The Fun bit about this code is you don’t need to spawn your own threads to do the work. All of this happens from a single thread call and the async happens in the background. I do make sure and grow the file to prevent dropping back into synchronous mode on file growths.

This next bit is the un-buffered stuff.

internal class UnBufferedFileCopy
{
    public static int CopyBufferSize = 8 * 1024 * 1024;

    public static byte[] Buffer = new byte[CopyBufferSize];

    const FileOptions FileFlagNoBuffering = (FileOptions)0x20000000;

    public static int CopyFileUnbuffered(string inputfile, string outputfile)
    {
        var infile = new FileStream(inputfile,
                                    FileMode.Open, FileAccess.Read, FileShare.None, 8
, FileFlagNoBuffering | FileOptions.SequentialScan);
        var outfile = new FileStream(outputfile, FileMode.Create, FileAccess.Write,
                                     FileShare.None, 8, FileOptions.WriteThrough);

        int bytesRead;
        while ((bytesRead = infile.Read(Buffer, 0, CopyBufferSize)) != 0)
        {
            outfile.Write(Buffer, 0, bytesRead);
        }

        outfile.Close();
        outfile.Dispose();
        infile.Close();
        infile.Dispose();
        return 1;
    }
}

Since this is a synchronous call I’m not worried about extending the file for performance. There is the fragmentation issue to worry about. Without that the code is a bit cleaner. The secret sauce on this one is creating your own file option and passing it in.

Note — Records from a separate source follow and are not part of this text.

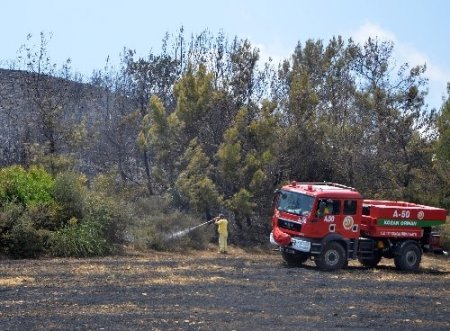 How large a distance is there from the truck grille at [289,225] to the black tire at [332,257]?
1.01 meters

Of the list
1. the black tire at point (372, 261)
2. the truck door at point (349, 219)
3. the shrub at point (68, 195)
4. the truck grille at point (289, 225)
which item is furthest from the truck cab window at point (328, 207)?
the shrub at point (68, 195)

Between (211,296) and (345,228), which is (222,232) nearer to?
(345,228)

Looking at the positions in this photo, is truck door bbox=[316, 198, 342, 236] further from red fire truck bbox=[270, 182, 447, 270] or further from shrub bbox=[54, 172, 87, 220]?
shrub bbox=[54, 172, 87, 220]

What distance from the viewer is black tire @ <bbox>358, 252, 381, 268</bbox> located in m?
26.2

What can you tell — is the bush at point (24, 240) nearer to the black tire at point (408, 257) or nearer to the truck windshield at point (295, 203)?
the truck windshield at point (295, 203)

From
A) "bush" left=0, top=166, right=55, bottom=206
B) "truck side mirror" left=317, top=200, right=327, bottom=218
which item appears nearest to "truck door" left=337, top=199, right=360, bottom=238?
"truck side mirror" left=317, top=200, right=327, bottom=218

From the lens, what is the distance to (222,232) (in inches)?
1184

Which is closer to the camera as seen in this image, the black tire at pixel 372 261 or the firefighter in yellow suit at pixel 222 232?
the black tire at pixel 372 261

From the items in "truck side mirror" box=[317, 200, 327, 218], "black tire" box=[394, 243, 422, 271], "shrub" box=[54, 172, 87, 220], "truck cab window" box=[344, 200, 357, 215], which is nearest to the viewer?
"truck side mirror" box=[317, 200, 327, 218]

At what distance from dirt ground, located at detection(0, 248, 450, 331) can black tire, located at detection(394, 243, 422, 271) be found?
0.56 m

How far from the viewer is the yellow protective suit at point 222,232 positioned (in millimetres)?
29703

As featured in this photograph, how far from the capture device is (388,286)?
69.5 ft

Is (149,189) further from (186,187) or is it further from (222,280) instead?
(222,280)

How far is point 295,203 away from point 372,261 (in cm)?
403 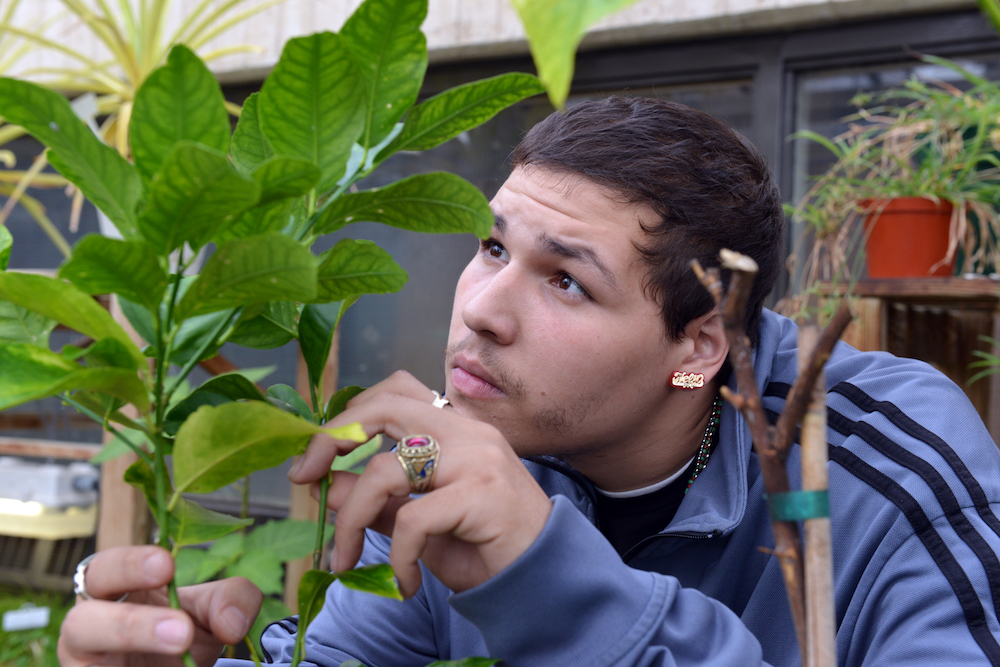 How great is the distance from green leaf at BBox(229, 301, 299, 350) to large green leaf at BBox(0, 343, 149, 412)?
12 centimetres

const FileOptions FileFlagNoBuffering = (FileOptions)0x20000000;

I hear you asking now, where did this thing come from? Well, that is simple it is a regular flag you can pass in if you are doing things in C or C++ when you create a file handle. I got curious as to what the CLR was actually doing in the background. It has to make a call to the OS at some point and that means unmanaged code.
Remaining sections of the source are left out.